- Exercise directions:
Leaving the pictures aside, repeat each line below exactly.

- Stored data:
________________
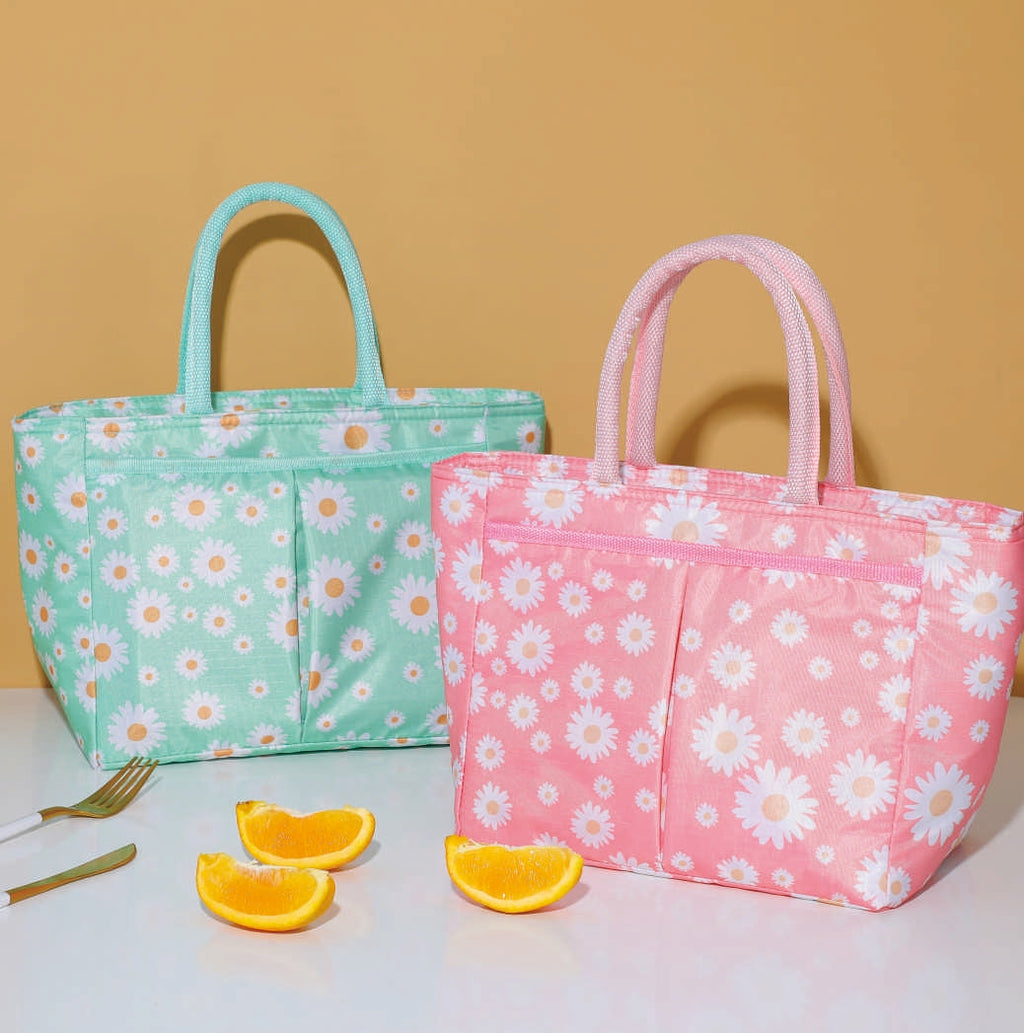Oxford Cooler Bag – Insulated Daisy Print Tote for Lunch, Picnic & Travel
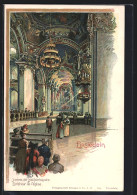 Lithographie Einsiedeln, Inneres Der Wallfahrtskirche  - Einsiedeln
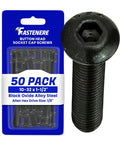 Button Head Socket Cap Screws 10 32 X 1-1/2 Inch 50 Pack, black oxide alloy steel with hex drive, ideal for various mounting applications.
________________
- Response to the task:
Oxford Cooler Bag – Insulated Daisy Print Tote for Lunch, Picnic & Travel
 Lithographie Einsiedeln, Inneres Der Wallfahrtskirche  - Einsiedeln
 Button Head Socket Cap Screws 10 32 X 1-1/2 Inch 50 Pack, black oxide alloy steel with hex drive, ideal for various mounting applications.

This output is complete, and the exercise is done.